Alex(ei) at The Russian Dilettante has an interesting question:

…the names of a few major Russian authors are clearly non-Russian in origin, so that transliterating them from Russian into English mechanically, according to the standard rules (assuming their existence), does not seem the best method. Should we write Gertsen or Hertzen; Fet or Foeth; Khodasevich or Chodasiewicz; Blok or Bloch; Mandelshtam or Mandelstam; Shvarts or Schwartz?

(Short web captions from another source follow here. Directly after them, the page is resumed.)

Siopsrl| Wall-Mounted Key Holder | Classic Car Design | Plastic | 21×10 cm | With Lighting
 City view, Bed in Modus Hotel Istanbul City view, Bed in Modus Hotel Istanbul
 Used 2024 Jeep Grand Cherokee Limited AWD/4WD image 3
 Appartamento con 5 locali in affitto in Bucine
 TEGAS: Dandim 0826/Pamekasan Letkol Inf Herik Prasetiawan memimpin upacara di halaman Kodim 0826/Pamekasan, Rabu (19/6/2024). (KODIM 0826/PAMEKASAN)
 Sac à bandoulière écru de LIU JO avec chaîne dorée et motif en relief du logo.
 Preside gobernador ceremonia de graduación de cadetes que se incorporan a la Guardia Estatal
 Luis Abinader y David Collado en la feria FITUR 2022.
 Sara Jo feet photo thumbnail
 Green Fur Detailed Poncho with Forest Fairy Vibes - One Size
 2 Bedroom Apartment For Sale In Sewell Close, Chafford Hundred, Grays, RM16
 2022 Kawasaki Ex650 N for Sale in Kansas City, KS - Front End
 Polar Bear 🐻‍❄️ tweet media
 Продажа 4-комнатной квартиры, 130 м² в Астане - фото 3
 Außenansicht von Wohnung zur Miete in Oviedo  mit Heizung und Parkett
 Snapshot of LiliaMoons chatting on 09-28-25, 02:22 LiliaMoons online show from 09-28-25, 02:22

I’ll add Gippius or Hippius, Veller or Weller, Dombrovski or Dabrowski (which should have an ogonek on the a to make it nasal), and Okudzhava or Okujava. Personally, I use the Russianized forms (though I sometimes slip and write Mandelstam), but I welcome all ideas on the subject.
And while we’re on Russian names, let me mention the hypothesis that Putin is a byform of the ancient aristocratic name Putyatin of the Tver district (like Pnin of Repnin); in the words of Pravda, “this means that Vladimir Putin is related to nearly all the royal families of Europe.”


  1. The word ogonek is a Polish diminutive. It means little tail or the stem of an apple.
    I suppose this should be on the list of Russian-Polish false friends, then. Was racking the old brains trying to think what огонь had to do with anything nasal.

  2. As indeed are we all.
    Btw here’s something else in the words of Pravda.
    Isn’t freedom wonderful? 😉

  3. “The president-s family tree is not traced before Putin-s grandfather Spiridon Putin, who left Tver for St. Petersburg at the age of 15. Vladimir Putin-s grandfather was a serious, reserved man of immaculate honesty. Spiridon Putin became a good cook. He worked in fancy restaurants in St.Petersburg before the revolution of 1917. Later, he was invited to cook for Lenin himself. When Lenin passed away, Spiridon Putin started working at one of Stalin-s dachas. Putin-s grandfather managed to survive this horrid period of the Soviet history. When he retired, he lived and cooked at a holiday camp of the Communist Party. Vladimir Putin describes his grandfather as a man who liked remaining silent most of the time.”
    News to me. My own great-grandfather made pretty much the same career — from a peasant boy in the Yaroslavl area to an apprentice and the cook at a wealthy Moscow aristocrat’s mansion to a cook and (unconfirmed) the chef at the Metropol hotel where Lenin & Co. dined after their move to Moscow in 1918. Some time in the early 1930s, he suddenly left Moscow for a much smaller town — a smart move, all things considered, or he might have been accused of poisoning some party boss.
    The facts that Putin’s grandfather was a cook and his family tree can’t be traced further only prove that he is of humble, non-aristocratic origin. Even if his name can be traced to Putyatin, it doesn’t mean much — serfs were sometimes given their masters’ surnames. The most famous example is Yuri Gagarin, the first man in space.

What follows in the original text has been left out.